Komentarze: 0
taka piekna pogoda dziala mi na nerwy.
taka piekna pogoda dziala mi na nerwy.
wczoraj starannie obejrzalam sobie moj pokoj.w sumie nic specjalnego,ale kazda rzecz ma w sobie jakies wspomnienie. plakat Trenta Reznora,kolekcja aniolkow ( szczegolnie ten kupiony w Rosenthallu przypomina mi o J. i o tym,ajk starsznie nie lubie Walentynek), pawie piorko,pajac przywieziony z Pragi,Mozart na sznurku ( prezent od K.),kalendarz,w ktorym zawsze zapominam zmienic strone,zdjecia (szczegolnie panorama Londynu w chmurach,ktora sama zrobilam),kilka moich wlasnych grafik,ktore i tak kiedys trafia do szafy,kilka reprodukcji Klimta,kolekcja plyt przeroznej jakosci i gatunku,sterty ksiazek i gazet,ktore walaja sie po podlodze.wczoraj nawet powietrze bylo przytlaczajaco ciezkie.a potem?a potem piekna,letnia burza.chyba sobie na nia jakos zasluzylam...
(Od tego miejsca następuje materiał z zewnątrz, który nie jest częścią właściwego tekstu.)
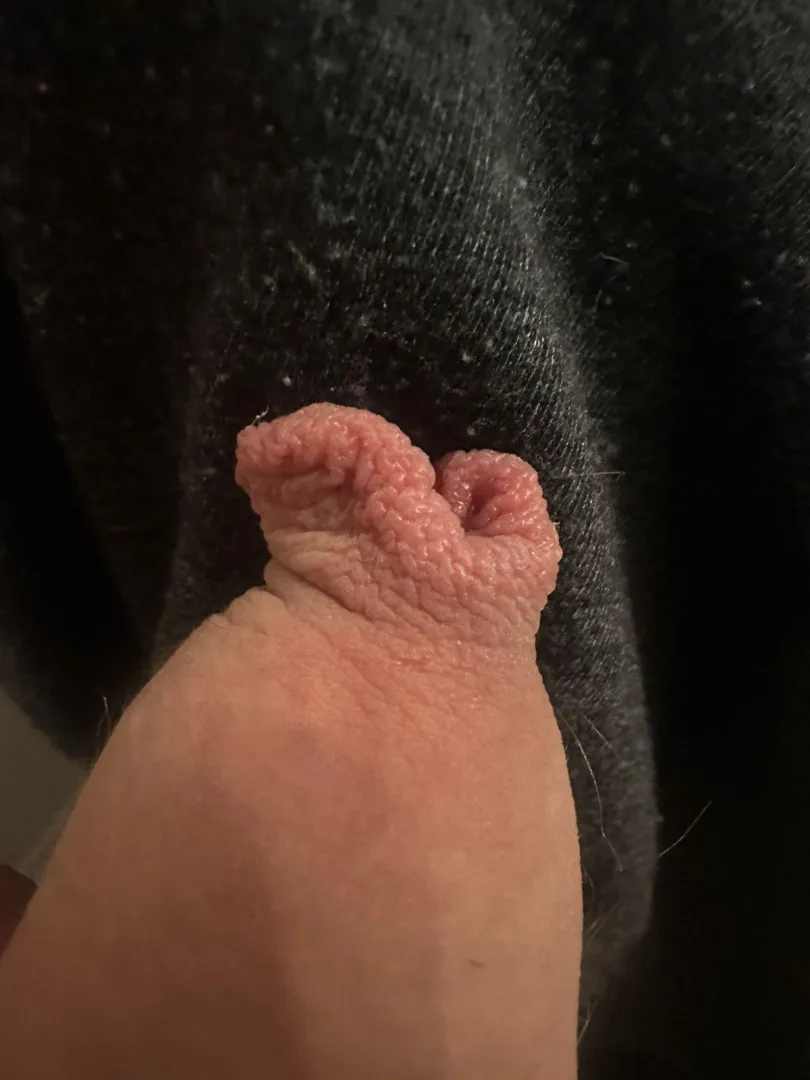 Foreskin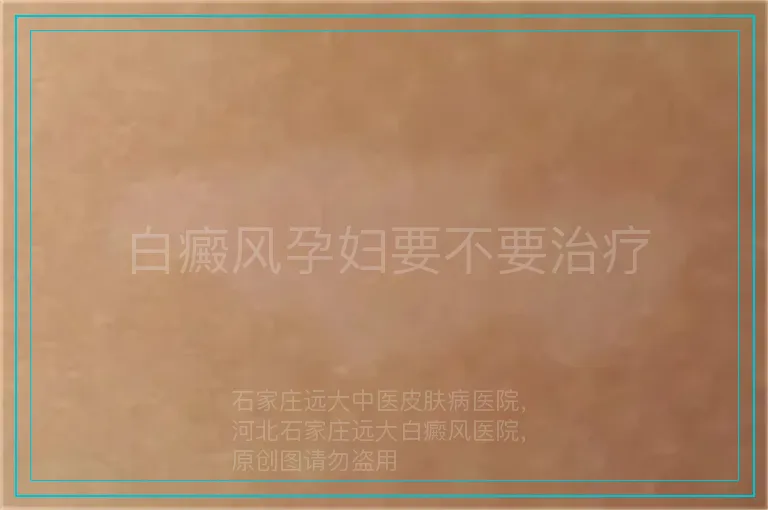 白癜风孕妇要不要治疗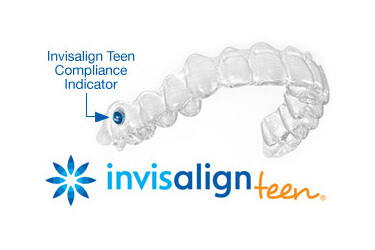 Инвизилайн подросток - имплантация зубов в индии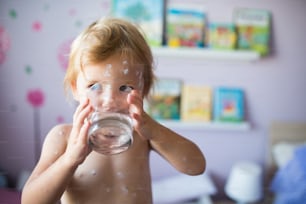 Piccola bambina di due anni a casa malata di varicella, crema antisettica bianca applicata all'eruzione cutanea. Tenendo in mano un bicchiere, acqua potabile.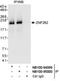 Zinc Finger MYM-Type Containing 4 antibody, NB100-95000, Novus Biologicals, Western Blot image 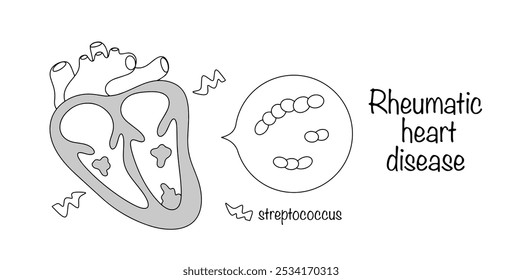 Rheumatische Herzkrankheit. Eine Erkrankung, bei der eine Herzentzündung mit Rheuma in Verbindung gebracht wird. Verdickung des Herzmuskels und Streptokokkeninfektion im Herzmuskel.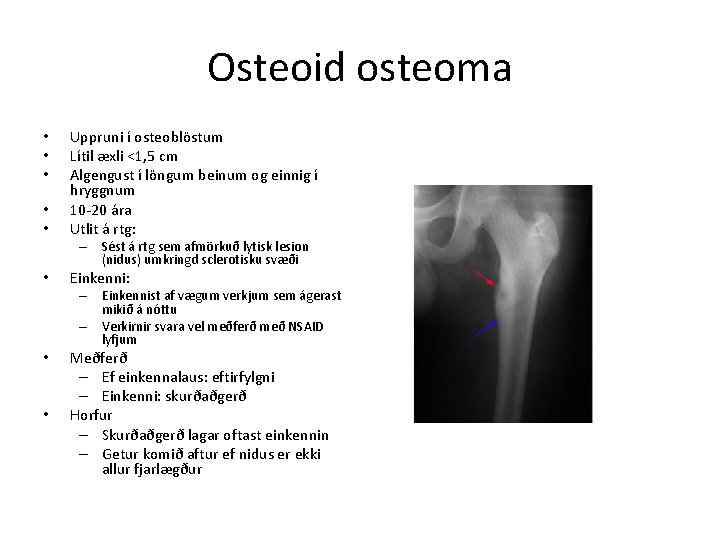 Osteoid osteoma • • • Uppruni í osteoblöstum Lítil æxli <1, 5 cm Algengust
punkty,ktore mnie dotycza?latwiej chyba wypisac,ktore mnie nie dotycza- punkt 4...bo nigdy nie jezdze samochodem sama,gdyz nie mam prawa jazdy.
wczoraj z E.bawilysmy sie jak dzieci.myslalam,ze bedzie nam trudniej sie dogadac,ale E.ma ten cudowny dar zagadywania wszystkich na smierc :) uslyszalam ciekawe zdanie: "w naszym jezyku jest za duzo gdyby,aby,zeby...dlatego tak trudno nam wyrazic to,czego naprawde chcemy".pieprzenie bzdur wychodzi mi jednak calkiem niezle-do takiego wniosku dochodze, kiedy to czytam.